Task brief:
Copy, word for word, the line containing "Ensemble de deux" and each line that follows it in the entries below; pictures do not belong in the copy.

Extracted entries:
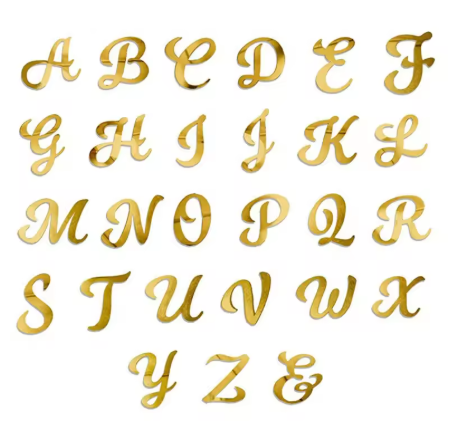 Letras Decorativas em Acrílico 10cm – Cores Espelhadas Premium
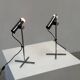 Ensemble de deux lampes de table en chrome par Targetti
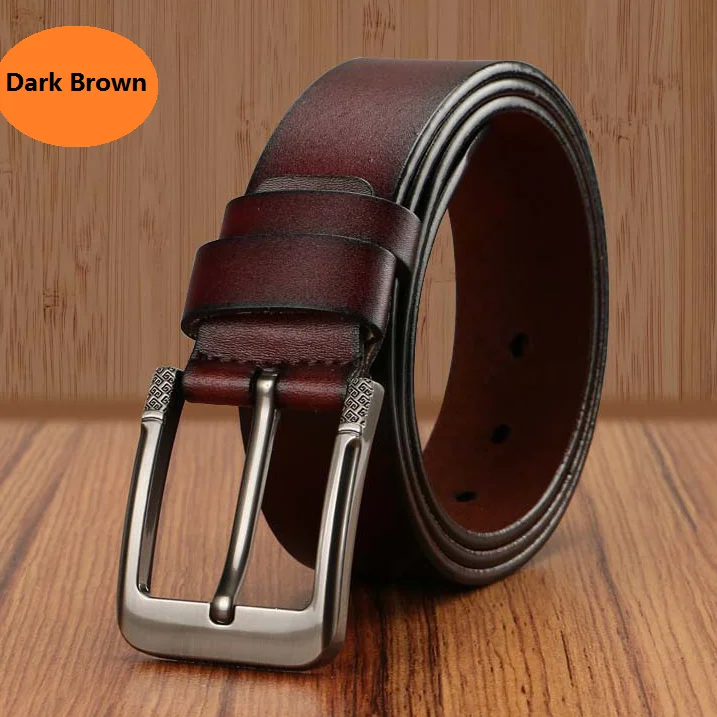 100% Cowhide Genuine Leather Belt Men Brand Strap Male Pin Fancy Vintage Cowboy Jeans Cintos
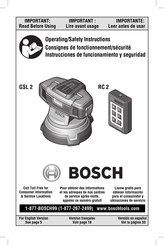 Bosch GSL 2 Consignes De Fonctionnement/Sécurité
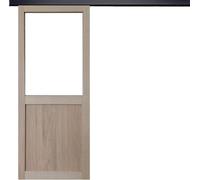 Porte Coulissante Atelier placage chene Vitree H204 x L73 + Rail Alu bandeau noir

Answer to the problem:
 Ensemble de deux lampes de table en chrome par Targetti
 100% Cowhide Genuine Leather Belt Men Brand Strap Male Pin Fancy Vintage Cowboy Jeans Cintos
 Bosch GSL 2 Consignes De Fonctionnement/Sécurité
 Porte Coulissante Atelier placage chene Vitree H204 x L73 + Rail Alu bandeau noir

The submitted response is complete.